▶ WORK INSTRUCTION:
Only one stretch of the data below is needed. Output the lines from the one with "pražské arcidiecéze - Arcibiskupství pražské" up to and including the one with "Honda Air Blade 2010 Fi Đỏ", exactly as they stand.

▶ SOURCE INFORMATION:
---------------
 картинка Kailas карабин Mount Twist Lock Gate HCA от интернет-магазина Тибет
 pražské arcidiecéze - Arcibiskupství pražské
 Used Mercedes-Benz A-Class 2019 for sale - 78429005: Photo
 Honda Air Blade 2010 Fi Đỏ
---------------
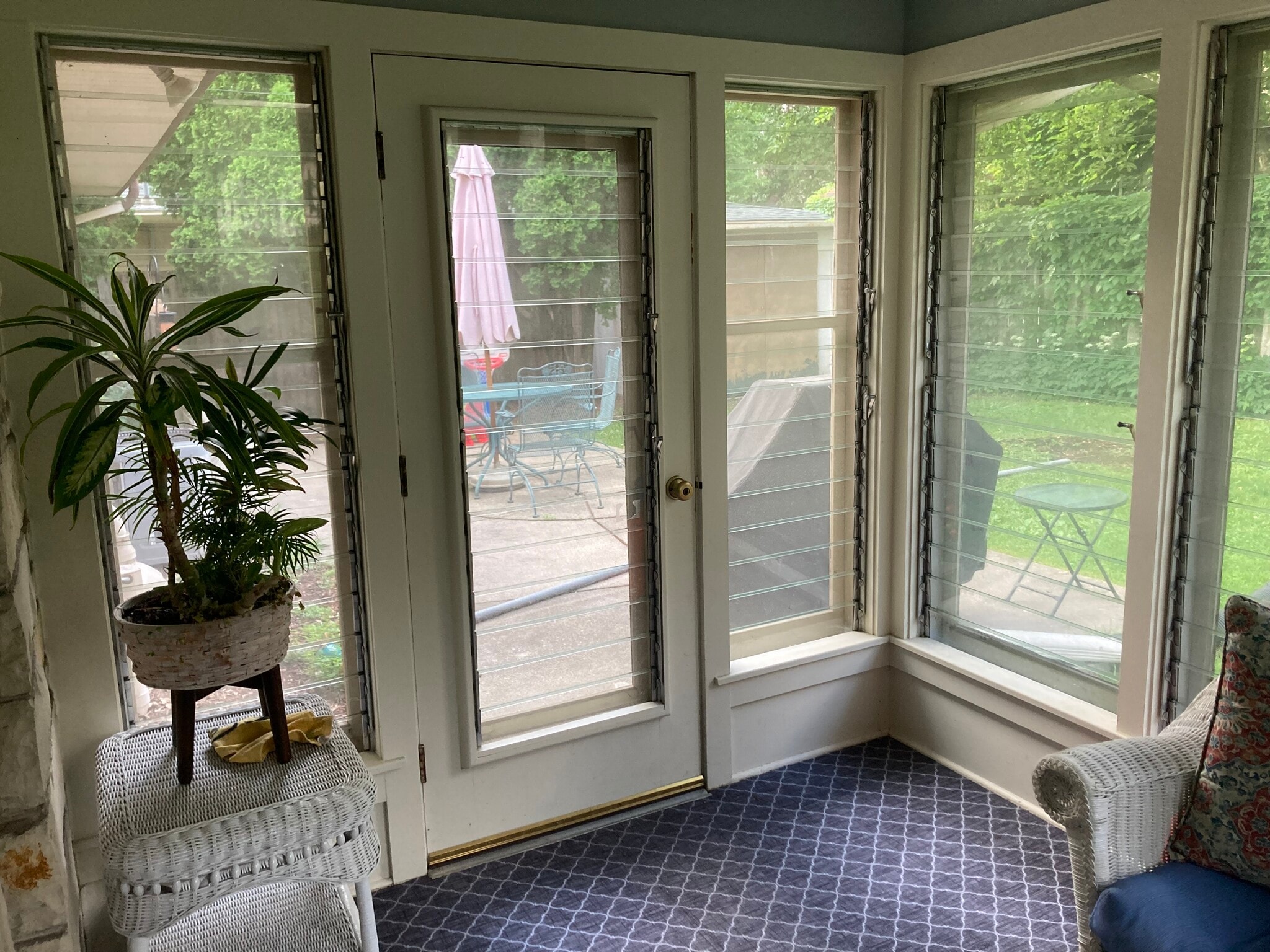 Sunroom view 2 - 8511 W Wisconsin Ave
---------------
▶ EXERCISE RESULT:
 pražské arcidiecéze - Arcibiskupství pražské
 Used Mercedes-Benz A-Class 2019 for sale - 78429005: Photo
 Honda Air Blade 2010 Fi Đỏ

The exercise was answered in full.